Exercise brief ▸ Restate word for word the entries below, starting with the line with "ai-bitcoin-liquidationen-kryptomarkt" and continuing through the line with "AnyConv com Cópia". Include both of those lines and no others.
· · · · · · ·
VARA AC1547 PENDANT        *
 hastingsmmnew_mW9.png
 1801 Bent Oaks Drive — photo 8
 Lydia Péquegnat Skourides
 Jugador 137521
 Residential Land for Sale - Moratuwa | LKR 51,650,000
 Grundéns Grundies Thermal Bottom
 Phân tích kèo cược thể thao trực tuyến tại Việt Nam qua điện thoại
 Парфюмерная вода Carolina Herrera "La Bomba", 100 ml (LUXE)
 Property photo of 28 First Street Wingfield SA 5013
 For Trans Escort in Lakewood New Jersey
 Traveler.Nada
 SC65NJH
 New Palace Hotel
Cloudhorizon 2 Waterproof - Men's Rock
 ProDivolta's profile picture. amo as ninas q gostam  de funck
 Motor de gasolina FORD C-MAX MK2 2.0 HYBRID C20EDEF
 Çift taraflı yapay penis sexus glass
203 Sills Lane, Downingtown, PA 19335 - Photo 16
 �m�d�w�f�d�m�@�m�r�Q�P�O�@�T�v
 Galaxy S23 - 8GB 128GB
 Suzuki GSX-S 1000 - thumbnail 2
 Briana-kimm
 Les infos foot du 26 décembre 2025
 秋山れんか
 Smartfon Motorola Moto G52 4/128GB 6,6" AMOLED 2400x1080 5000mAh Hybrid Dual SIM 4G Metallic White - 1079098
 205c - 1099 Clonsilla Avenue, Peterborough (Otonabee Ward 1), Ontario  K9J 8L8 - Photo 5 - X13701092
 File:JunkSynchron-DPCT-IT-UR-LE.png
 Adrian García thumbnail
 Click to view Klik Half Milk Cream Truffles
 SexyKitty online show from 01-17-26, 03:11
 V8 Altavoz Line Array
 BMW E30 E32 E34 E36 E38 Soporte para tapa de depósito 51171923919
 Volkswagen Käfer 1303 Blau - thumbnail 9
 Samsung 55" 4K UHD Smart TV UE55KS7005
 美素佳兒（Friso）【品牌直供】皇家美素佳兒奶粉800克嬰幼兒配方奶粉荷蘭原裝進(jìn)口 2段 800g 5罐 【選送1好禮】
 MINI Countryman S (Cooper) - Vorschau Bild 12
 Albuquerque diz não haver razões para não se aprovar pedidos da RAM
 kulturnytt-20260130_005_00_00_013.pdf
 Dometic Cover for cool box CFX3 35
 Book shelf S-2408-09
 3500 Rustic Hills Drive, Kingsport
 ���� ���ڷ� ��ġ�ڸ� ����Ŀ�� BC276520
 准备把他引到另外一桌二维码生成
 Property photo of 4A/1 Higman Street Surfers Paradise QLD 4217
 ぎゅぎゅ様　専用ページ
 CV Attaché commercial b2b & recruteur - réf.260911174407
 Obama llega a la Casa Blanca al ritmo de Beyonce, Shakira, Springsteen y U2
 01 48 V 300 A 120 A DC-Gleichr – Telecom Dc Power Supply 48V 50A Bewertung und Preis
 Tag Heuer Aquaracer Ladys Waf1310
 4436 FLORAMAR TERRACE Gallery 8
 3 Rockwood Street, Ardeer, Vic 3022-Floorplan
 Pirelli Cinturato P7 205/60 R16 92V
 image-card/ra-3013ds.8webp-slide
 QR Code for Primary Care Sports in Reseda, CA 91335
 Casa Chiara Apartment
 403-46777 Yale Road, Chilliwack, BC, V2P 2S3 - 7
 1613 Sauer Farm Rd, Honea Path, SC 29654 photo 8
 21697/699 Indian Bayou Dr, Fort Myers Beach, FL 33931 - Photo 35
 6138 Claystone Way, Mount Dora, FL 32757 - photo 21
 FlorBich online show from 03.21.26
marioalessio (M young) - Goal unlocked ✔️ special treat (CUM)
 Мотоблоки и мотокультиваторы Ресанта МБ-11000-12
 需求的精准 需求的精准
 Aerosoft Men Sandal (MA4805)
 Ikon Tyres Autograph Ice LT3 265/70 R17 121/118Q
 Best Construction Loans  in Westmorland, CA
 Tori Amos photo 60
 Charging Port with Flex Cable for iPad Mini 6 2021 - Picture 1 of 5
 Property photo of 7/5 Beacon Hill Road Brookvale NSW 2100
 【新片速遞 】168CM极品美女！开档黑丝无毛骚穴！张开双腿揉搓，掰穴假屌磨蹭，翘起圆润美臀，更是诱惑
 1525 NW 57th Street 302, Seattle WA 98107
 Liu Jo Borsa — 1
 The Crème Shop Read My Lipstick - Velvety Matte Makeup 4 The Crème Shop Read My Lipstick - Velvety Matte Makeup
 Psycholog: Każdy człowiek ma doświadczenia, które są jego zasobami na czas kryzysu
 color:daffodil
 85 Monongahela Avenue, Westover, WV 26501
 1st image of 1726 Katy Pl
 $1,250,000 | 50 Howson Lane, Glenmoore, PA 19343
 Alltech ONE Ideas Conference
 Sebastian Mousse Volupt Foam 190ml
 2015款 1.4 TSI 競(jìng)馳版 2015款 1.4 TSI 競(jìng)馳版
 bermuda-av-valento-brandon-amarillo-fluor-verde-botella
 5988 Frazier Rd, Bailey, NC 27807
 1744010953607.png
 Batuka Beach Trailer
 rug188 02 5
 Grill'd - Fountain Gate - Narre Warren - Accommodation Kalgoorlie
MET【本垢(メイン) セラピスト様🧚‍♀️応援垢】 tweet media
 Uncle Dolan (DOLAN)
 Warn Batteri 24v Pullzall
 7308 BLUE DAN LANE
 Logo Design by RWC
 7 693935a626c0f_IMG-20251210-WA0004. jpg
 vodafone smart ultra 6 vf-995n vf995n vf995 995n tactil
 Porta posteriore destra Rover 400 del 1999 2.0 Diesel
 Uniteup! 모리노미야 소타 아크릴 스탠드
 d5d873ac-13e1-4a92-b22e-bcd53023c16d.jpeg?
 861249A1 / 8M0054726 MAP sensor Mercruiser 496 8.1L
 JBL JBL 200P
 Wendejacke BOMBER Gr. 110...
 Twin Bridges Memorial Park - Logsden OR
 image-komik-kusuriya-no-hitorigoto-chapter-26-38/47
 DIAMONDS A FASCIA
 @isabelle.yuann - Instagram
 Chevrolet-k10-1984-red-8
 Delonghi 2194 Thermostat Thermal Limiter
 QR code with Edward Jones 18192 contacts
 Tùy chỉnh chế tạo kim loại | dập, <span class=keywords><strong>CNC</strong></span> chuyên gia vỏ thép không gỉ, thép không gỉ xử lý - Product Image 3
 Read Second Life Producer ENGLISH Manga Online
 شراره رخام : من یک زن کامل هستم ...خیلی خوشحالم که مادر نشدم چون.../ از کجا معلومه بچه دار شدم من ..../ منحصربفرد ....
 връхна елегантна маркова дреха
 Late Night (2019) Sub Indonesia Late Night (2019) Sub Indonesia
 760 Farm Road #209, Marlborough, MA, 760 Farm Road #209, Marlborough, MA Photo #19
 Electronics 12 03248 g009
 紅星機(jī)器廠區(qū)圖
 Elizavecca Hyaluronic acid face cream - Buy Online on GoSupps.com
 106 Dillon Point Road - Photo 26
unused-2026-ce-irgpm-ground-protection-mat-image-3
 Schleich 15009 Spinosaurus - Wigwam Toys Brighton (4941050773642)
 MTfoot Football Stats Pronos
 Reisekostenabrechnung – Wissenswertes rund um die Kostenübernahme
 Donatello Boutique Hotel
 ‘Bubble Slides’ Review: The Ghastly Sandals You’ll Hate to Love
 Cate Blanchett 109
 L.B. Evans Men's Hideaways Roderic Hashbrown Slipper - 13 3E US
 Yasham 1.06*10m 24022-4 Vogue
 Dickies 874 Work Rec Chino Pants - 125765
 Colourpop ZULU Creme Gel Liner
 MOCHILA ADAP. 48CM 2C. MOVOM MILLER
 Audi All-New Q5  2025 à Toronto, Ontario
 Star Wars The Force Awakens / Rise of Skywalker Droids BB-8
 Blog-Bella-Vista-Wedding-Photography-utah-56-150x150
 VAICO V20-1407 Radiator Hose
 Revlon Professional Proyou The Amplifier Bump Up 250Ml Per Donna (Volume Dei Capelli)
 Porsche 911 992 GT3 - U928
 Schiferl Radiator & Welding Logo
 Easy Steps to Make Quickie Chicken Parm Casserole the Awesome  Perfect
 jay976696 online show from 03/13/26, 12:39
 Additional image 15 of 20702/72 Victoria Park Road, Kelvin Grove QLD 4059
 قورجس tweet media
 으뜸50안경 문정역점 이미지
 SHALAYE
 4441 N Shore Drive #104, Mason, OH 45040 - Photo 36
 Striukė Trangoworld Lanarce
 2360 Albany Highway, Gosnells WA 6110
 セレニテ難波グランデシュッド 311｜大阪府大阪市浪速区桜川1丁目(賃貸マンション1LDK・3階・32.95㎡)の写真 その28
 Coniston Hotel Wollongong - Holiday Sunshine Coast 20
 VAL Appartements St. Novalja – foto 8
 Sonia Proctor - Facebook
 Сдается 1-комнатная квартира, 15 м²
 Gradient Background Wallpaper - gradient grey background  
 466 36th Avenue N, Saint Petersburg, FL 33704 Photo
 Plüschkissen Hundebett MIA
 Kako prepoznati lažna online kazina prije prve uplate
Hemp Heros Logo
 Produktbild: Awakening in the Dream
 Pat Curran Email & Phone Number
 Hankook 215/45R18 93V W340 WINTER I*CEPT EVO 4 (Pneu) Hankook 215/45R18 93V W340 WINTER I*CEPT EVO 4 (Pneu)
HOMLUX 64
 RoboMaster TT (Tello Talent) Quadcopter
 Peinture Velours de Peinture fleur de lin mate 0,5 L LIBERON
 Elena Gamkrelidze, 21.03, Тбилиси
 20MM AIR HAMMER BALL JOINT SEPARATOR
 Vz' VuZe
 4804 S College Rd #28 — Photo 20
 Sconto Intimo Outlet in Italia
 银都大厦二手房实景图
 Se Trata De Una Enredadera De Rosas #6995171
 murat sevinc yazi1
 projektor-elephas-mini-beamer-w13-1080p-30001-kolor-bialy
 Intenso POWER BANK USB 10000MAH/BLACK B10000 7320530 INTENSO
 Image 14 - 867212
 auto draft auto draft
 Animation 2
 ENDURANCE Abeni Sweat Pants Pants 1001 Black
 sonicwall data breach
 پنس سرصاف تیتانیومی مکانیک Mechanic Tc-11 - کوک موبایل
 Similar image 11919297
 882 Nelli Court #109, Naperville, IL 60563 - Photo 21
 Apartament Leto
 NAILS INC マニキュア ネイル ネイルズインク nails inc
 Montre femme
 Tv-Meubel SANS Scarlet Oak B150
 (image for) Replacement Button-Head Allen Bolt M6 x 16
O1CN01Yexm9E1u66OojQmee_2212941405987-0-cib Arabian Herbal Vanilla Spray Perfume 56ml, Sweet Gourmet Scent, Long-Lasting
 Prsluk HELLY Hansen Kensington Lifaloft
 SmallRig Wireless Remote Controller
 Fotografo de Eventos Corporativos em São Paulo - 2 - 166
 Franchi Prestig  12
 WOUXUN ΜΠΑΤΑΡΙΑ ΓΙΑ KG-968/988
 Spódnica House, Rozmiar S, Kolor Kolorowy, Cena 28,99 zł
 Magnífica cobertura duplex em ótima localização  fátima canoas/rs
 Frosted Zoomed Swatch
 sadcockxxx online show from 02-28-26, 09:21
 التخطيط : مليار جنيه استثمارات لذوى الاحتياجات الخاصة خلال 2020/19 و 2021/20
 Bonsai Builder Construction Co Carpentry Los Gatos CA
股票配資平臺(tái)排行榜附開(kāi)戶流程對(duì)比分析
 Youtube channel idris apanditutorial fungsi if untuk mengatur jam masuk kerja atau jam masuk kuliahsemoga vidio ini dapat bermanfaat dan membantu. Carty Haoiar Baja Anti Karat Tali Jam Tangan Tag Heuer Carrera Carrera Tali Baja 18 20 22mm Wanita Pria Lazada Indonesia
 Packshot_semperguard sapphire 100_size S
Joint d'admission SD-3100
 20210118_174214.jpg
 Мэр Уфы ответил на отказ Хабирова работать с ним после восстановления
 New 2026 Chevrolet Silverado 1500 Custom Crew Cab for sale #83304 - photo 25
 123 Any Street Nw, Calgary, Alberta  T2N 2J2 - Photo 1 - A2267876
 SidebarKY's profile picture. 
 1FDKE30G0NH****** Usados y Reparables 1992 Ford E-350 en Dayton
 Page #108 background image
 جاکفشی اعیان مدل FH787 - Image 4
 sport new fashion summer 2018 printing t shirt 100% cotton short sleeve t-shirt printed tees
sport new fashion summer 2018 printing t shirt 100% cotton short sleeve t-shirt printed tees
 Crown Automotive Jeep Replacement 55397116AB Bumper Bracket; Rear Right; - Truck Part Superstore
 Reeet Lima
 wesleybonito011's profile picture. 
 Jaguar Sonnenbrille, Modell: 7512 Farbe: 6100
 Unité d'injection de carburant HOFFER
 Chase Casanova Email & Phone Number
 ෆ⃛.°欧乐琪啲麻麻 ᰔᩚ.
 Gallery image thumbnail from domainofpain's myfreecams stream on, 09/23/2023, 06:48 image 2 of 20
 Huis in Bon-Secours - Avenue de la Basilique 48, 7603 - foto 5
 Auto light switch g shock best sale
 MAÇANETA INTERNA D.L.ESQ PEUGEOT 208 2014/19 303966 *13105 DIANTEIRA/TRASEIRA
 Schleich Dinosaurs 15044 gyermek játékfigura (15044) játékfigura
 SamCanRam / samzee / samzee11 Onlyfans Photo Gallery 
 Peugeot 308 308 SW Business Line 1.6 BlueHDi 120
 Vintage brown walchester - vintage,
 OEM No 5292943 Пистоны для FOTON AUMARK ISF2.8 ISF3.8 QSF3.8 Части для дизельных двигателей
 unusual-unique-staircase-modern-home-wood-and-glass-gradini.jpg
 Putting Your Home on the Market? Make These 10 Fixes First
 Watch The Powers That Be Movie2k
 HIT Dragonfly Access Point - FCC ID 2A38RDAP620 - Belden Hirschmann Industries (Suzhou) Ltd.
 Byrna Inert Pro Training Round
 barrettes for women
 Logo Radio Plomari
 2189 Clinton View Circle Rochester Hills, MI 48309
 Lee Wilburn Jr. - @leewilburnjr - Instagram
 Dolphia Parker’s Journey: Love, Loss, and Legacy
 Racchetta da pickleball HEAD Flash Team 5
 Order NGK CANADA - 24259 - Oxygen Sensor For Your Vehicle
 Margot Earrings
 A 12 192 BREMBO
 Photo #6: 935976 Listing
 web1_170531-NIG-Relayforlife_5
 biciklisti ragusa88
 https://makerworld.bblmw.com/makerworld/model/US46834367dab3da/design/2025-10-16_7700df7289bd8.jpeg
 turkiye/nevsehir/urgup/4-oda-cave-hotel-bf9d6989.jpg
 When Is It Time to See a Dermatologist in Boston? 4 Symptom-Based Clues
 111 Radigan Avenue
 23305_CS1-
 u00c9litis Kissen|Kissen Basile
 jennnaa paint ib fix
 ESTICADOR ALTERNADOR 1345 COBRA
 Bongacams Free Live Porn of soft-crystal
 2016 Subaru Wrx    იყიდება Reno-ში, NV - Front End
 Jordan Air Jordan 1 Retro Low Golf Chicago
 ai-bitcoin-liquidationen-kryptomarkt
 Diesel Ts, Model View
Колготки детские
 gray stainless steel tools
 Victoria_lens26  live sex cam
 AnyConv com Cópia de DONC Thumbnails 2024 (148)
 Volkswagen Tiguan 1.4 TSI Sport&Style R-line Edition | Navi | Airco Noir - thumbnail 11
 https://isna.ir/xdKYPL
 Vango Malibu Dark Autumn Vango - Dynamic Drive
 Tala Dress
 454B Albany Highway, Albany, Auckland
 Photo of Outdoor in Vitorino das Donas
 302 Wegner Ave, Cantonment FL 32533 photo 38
· · · · · · ·
The completed task ▸
 ai-bitcoin-liquidationen-kryptomarkt
 Diesel Ts, Model View
Колготки детские
 gray stainless steel tools
 Victoria_lens26  live sex cam
 AnyConv com Cópia de DONC Thumbnails 2024 (148)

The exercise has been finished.